With Joe Cole announcing his retirement during the week, we take a look at a glittering career that might have turned out even better.
“It has been a dream come true. All of it.”, Cole said in the statement announcing his retirement. Words on hearing which one cannot help but wonder if all of it had indeed been as dreamy as Cole had described. As much of an honor putting on the England jersey was, had he envisioned his international career would halt in such anti-climatic fashion – his last call up being the 2010 World Cup, a selection that resulted in only 2 substitute appearances. Had he ever dreamt of the downward spiral he would end up in post – Chelsea, falling out of favor at Liverpool, West Ham and even Coventry? Surely not, given the way he started.
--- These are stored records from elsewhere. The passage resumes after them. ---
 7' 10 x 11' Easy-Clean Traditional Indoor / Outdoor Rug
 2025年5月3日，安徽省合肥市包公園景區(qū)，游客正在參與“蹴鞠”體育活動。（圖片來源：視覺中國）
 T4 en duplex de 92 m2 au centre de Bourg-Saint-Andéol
Having started off in West Ham’s youth set-up, Cole made waves as a youngster, making his debut at 17. He went on to captain the Hammers at age 21, before being snapped up by Chelsea as the Roman Abramovich era came to life. He was diminutive, agile and extremely skillful. Part of England’s ‘Golden Generation’, Cole was a gem even amongst them and as the Chelsea revolution went full speed – his trophy cabinet grew. It’s widely believed however, that Cole actually lost his essence at Chelsea. On his way in, Cole was a carefree playmaker, bristling with creativity. On his way out, not so much.
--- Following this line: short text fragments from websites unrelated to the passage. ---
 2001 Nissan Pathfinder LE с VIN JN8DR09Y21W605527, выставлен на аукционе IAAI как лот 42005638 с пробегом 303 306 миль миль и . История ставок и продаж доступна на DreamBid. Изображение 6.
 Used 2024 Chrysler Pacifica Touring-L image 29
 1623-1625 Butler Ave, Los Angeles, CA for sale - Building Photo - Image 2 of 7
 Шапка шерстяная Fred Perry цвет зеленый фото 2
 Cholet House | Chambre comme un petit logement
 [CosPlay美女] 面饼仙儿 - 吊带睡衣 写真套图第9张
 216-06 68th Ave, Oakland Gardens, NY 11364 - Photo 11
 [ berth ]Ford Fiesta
As the new era at Chelsea started, the new manager did not take long to make his presence felt. “He needs to make an impact on me, not the crowd.”, Mourinho said of Cole, clearly looking for a reaction. Immediately, the affable Mourinho had an impact on the young Cole with his mind games and although the tough love made him a champion through and through – contributing immensely to Chelsea’s two consecutive titles, he was no longer the creative fulcrum that had walked in and by the time he walked out – Cole had perhaps already lost the intuitiveness that made his game so unique.
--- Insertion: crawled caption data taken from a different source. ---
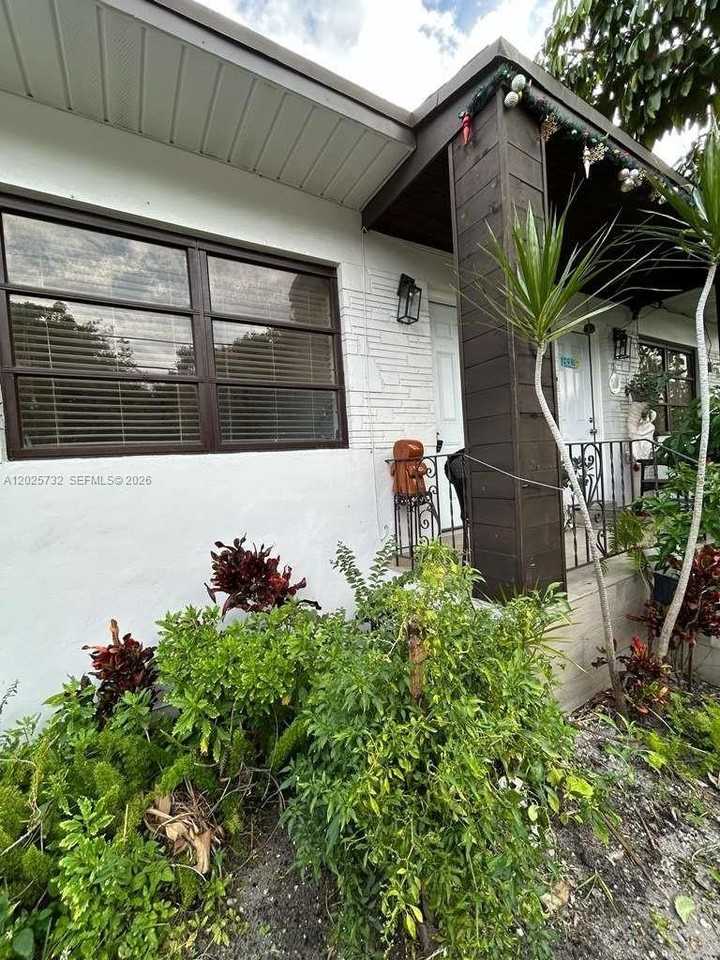 110 Nw 58th St #0 - Photo 3 of 25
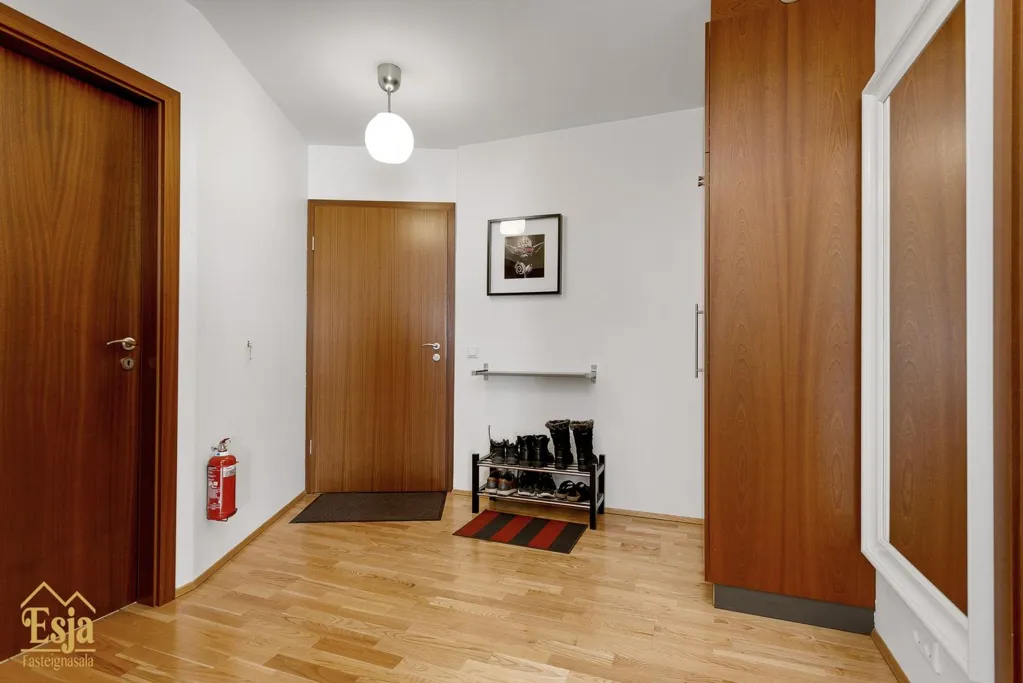 Ingresso - 2-Bedroom Apartment with Elevator in Reykjavik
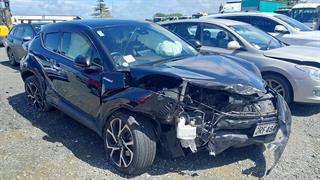 2018 Toyota C-hr Hatch Photo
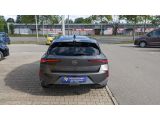 Opel Astra bei Reisemobile.expert - Abbildung (6 / 12)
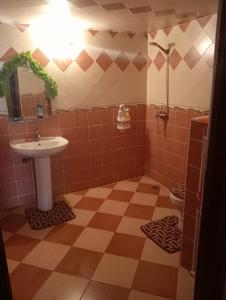 ein Bad mit einem Waschbecken und einem WC in der Unterkunft Maison a louer par jour pour familles in Meknès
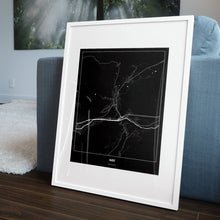 Lade das Bild in den Galerie-Viewer, Imst Dark Poster - Minimal - Vorschau in einem Wohnzimmer am Boden aufgestellt und auf der Couch angelehnt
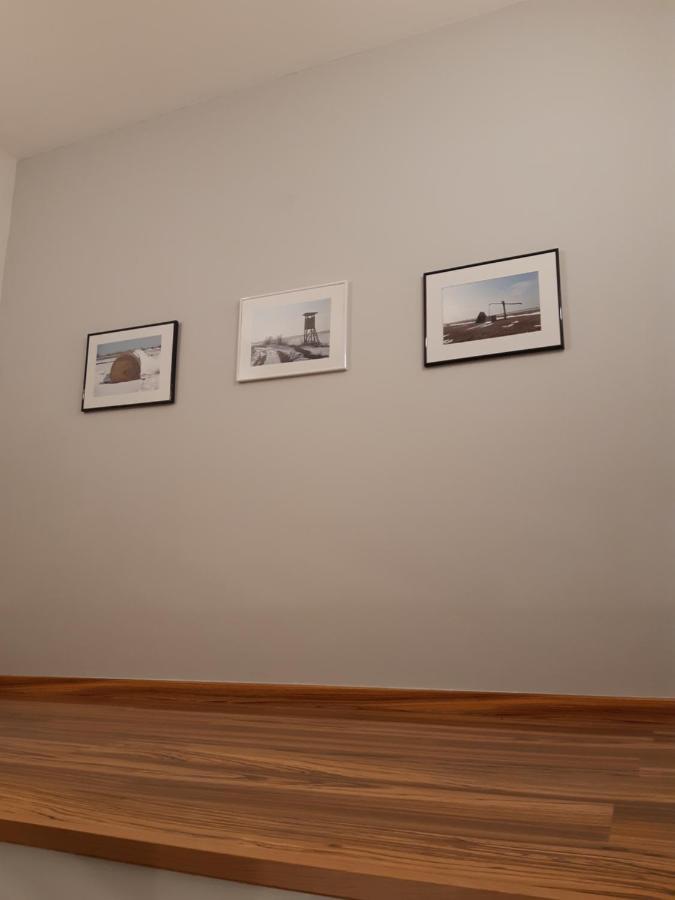 Lang Apartment *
Departing Chelsea on a free transfer to Liverpool, Cole was heralded as a coup for the Anfield side – Steven Gerrard even comparing him to a certain Argentine. “Anything he can do Joe can do as well, if not better”, Gerrard said, comparing Cole and Messi. His time at Anfield was ultimately underwhelming as he departed on loan for a minor renaissance at Lille. Cole’s good form earned him an Anfield recall but fell out of favor once again and he moved to West Ham, then to Villa and Coventry before his final payday in the USA.
In the midst of all of this lies the actual conundrum. What do we make of Joe Cole’s career? Was he one of England’s most talented of the 21st century, the kind of player they’re crying out for right now? Or was he just another pretender, another ‘new Gascoigne’? Truth be told, he is both and he is neither. While it’s not possible to truly pinpoint what went wrong, it’s fair game to say had things gone slightly different, history might have been kinder to him. Perhaps a more ‘beautiful’ manager might have done the trick, or maybe a move to United instead of Chelsea when Sir Alex came calling. The possibilities are endless.
Whatever be the reason for his unfulfilled destiny, it was surely not a lack of trying. As Mourinho himself put it later in his first season “Joe has two faces, one is beautiful and one that I don’t like. But I can improve him, and he wants to learn.” All he ever wanted was to learn, and learn he did.
While a little more of the beautiful face might have been better, but his three Premier League titles surely mean Joe Cole will not be losing much sleep over what might have been.